Der Schulbezirk sieht das aber ganz anders. Laut einem Statement, hätte Bailey ihre Homosexualität offen gelebt und niemand hätte damit ein Problem gehabt. Nur sei es so, dass das veränderte Verhalten der Lehrerin in der Klasse zu Sorge bei den Eltern geführt habe. Die Schule wirft Bailey vor, ihre Rolle als Lehrerin genutzt zu haben, um "homosexuelle Propaganda" unter die Kinder zu bringen. In Texas gibt es kein offizielles Gesetz, das LGBTQ-Personen (Lesbian, Gay, Bisexual, Transgender und Queer, Anm.) am Arbeitsplatz vor Diskriminierungen schützt. Doch zumindest ist das Gericht seit einer Klage im April 2018 sensibilisierter für solche Fälle. Damals verklagte die transsexuelle Nicole Wittmer eine Energiefirma, weil sie meinte aufgrund der Transsexualität nicht angestellt worden zu sein. Und obwohl die Wittmer die Klage nicht gewann, wird in diesem Fall eine Art positive Wende gesehen.

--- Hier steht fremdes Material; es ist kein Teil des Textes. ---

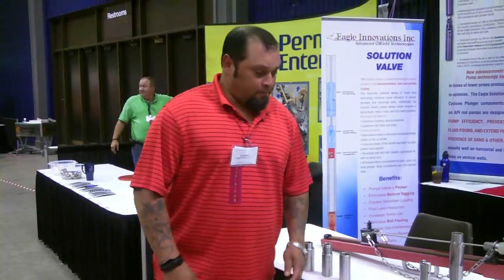Hi, I'm here at the Southwestern Petroleum Short Course with JJ Gutierrez from Eagle Innovations, and he's going to tell us about several of his products that can help optimize production in any oil field.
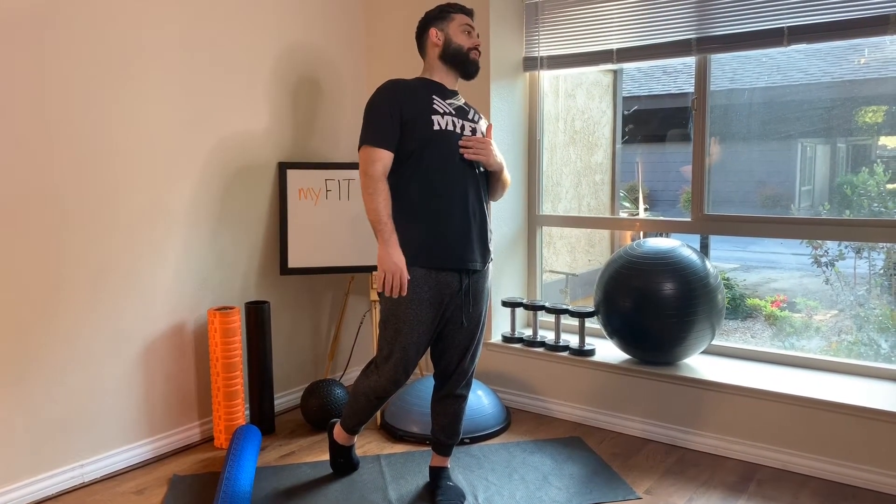Hold that stretch for enough time to get some relief — around 30 to 60 seconds. If you have a hard time feeling the stretch of the tibialis, it might be that you need some more foam rolling time, so please revisit the tibialis foam rolling technique to better get some response out of that shin.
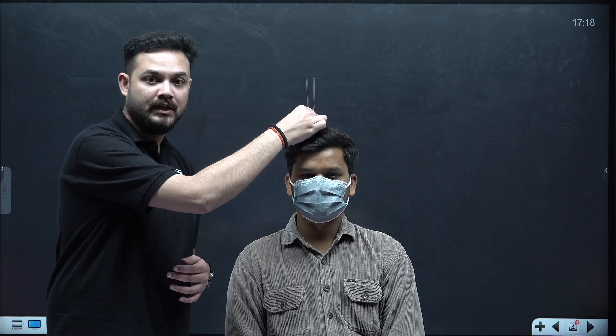After striking, place the footplate over the vertex. However, in Weber's test we generally avoid the vertex if the patient has a very hairy scalp, as hair dampens the sound. Instead, we keep it on the mid part of the forehead. Other acceptable bony midline prominences include the nasal bridge, the upper incisor, or the mentum (chin). We will choose the forehead for this patient.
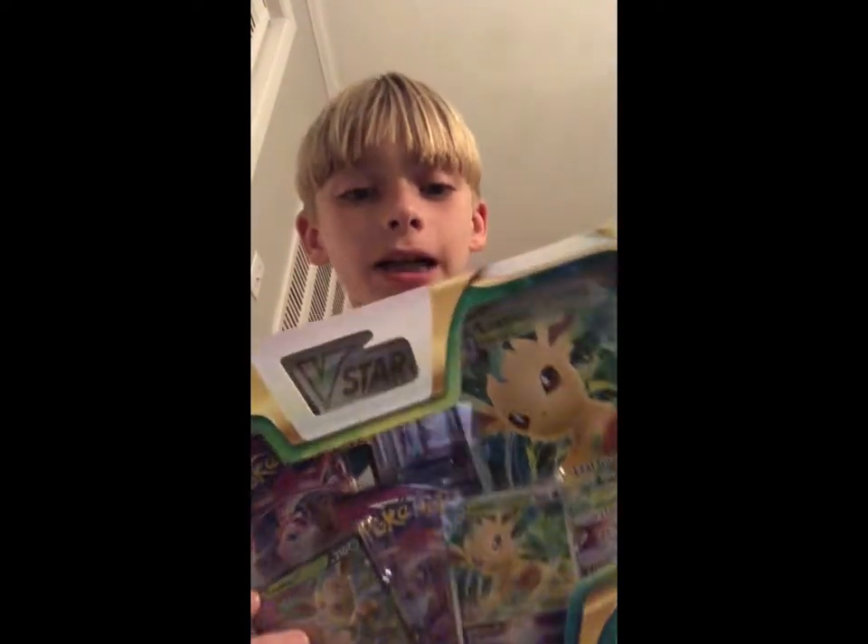Hey guys, I know my YouTube channel is just a regular vlog channel, but I just got the Leafeon VMAX pack and a couple of card holders, so I thought I would open it with you guys.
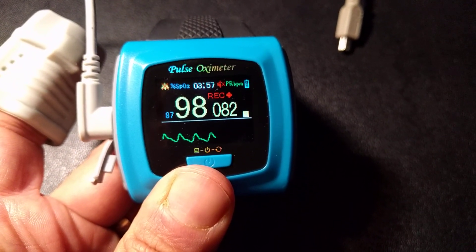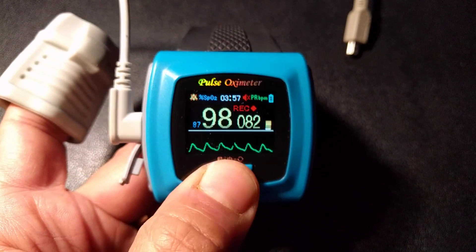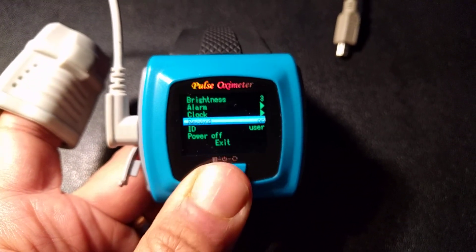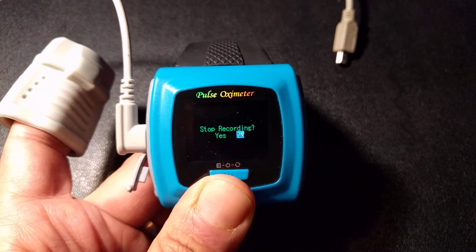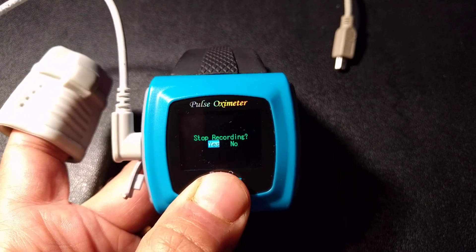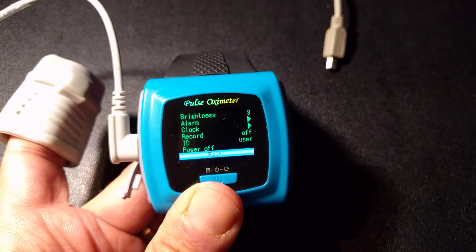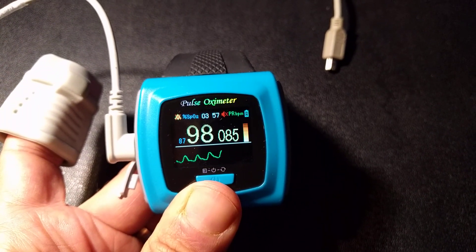Here it comes on. It's still recording — save the data, very important. Long press for menu. Go down to record, short press. It's toggling. Go down to record, long press. Select record, short press toggle yes, long press. Turn it off — the recorder is off. Toggle down to exit, long press. The recorder is off.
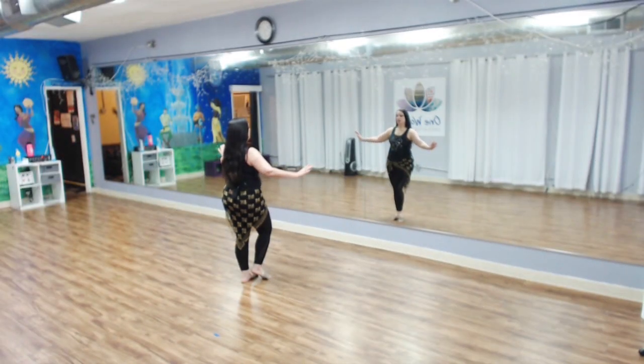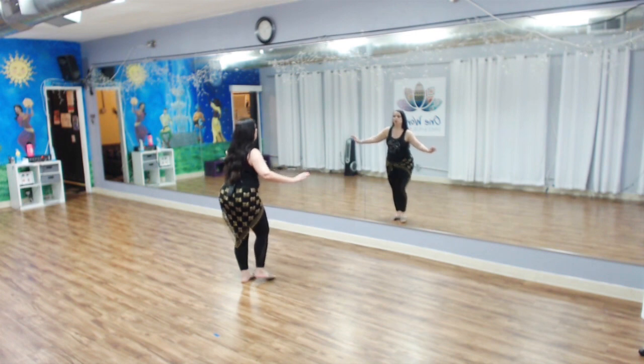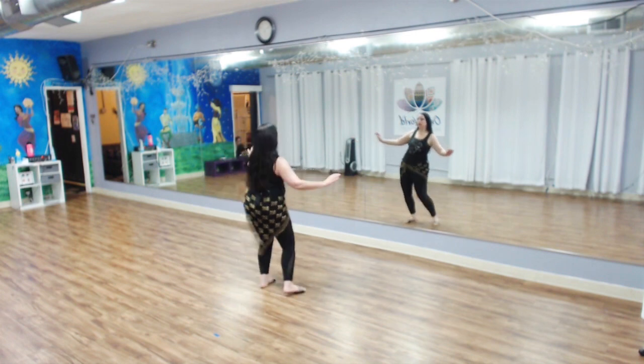So let's go ahead and break it down. This combination is going to start out with a walking hip circle to the right. We're weighted on the left, and the hip circle is going to go front, back, front.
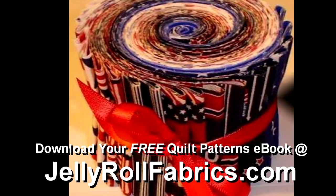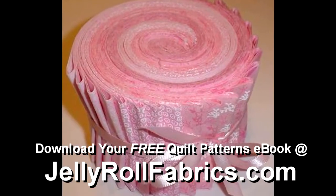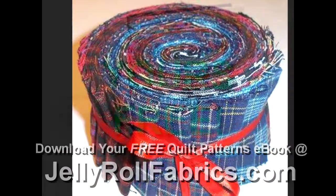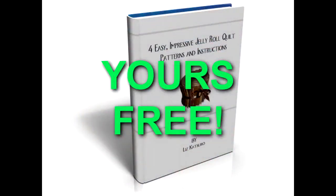Make quilting more fun and enjoyable with Jelly Roll Fabrics. Go to JellyRollFabrics.com to download a free ebook with 4 new and exciting quilt patterns, which can all be made using Jelly Rolls.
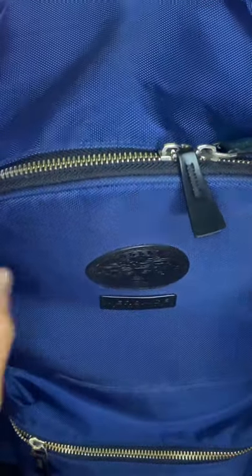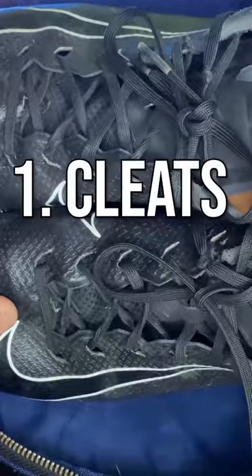In this video I'll be showing you how to pack your football bag. I suggest taking all the bigger items and putting them in the back area of the bag. First I will take my cleats and put them all the way at the bottom of my bag.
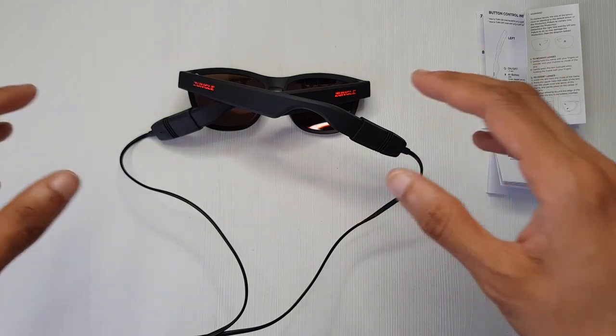Bone conduction — you've got these two pads on either side here touching your bone, your skull, and conducting sound through it. So in theory, no one else should be able to hear what I'm listening to. I'm just gonna play an instrumental here, one of my favorite soundtracks from a movie. I like the idea that your ears are still open so you can still hear things around you, not necessarily zoning everything out.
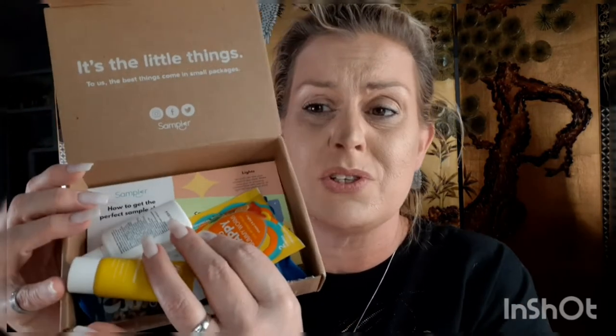From Sampler — powered by Sampler — if you don't know, go to sampler.com and sign up; it's free samples. They let me choose from a Target Sampler Insider Box. You get samples, and you can follow them on Instagram, Facebook, and Twitter. I'll leave their information down below, along with my Ipsy link. The first thing in this box is CeraVe Hydrating Facial Cleanser — I swear I need this — for normal to dry skin; it cleanses, hydrates, and helps restore the protective skin barrier.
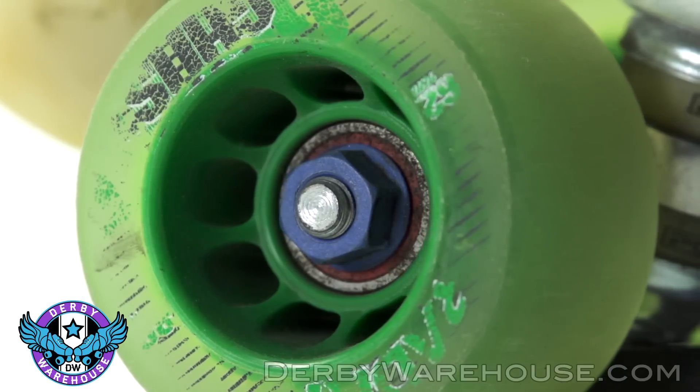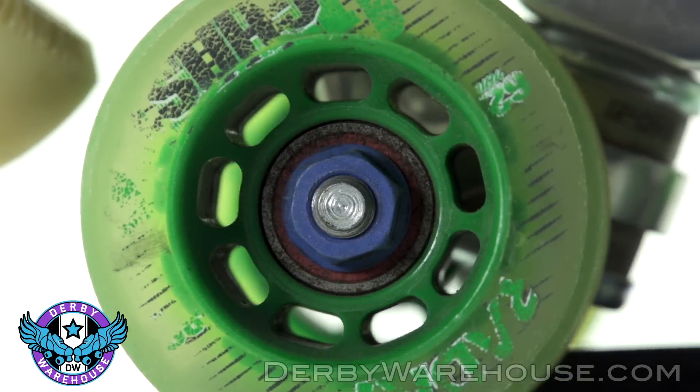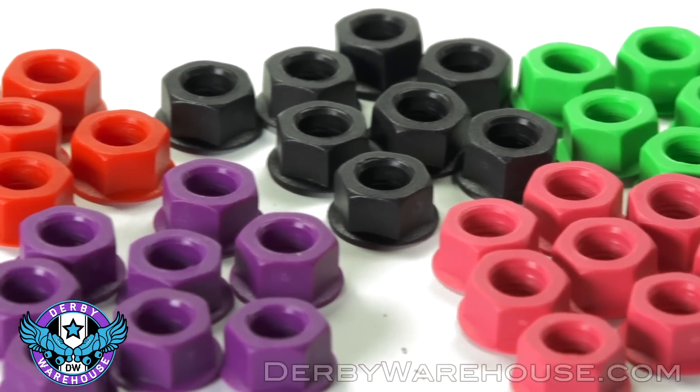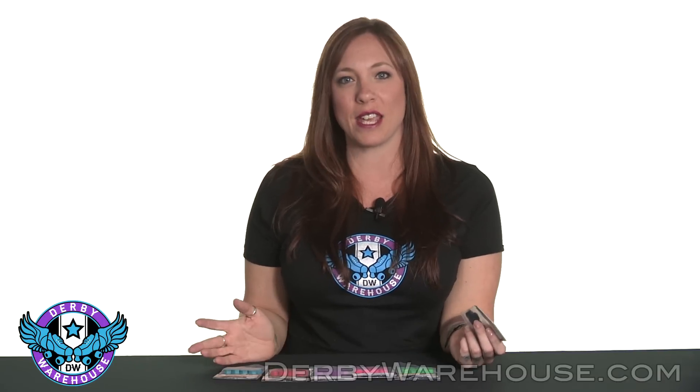They're made out of a compression molded nylon so that gives them a really secure fit and a long thread life. They also come in a wide variety of colors: black, green, pink, purple, red, turquoise and blue. So you can customize your skates really easily, giving you a really nice look on your skates.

In Österreich dürfen Personen am Arbeitsplatz aufgrund ihres Geschlechts, ihrer Religion, ihrer Weltanschauung, ihrer ethnischen Zugehörigkeit, ihres Alter oder der sexuellen Orientierung nicht benachteiligt werden. Dies besagt das Gleichbehandlungsgesetz. Würde eine Diskriminierung stattfinden, dann gibt es zig Möglichkeiten, Schadensersatz vom Arbeitgeber zu fordern. Zum Beispiel bei der Benachteiligung in der Bezahlung oder sogar beim Bewerbungsprozess, wenn man zwar die oder der Bestqualifizierte ist, aber trotzdem nicht genommen wurde. Doch auch wenn die rechtliche Komponente gesichert ist, heißt das leider nicht, dass keine Diskriminierung passiert. In einer Studie der Wiener Antidiskriminierungsstelle von 2015 gaben 14 Prozent der Befragten LGBTQ-Personen an, sich am Arbeitsplatz diskriminiert gefühlt zu haben.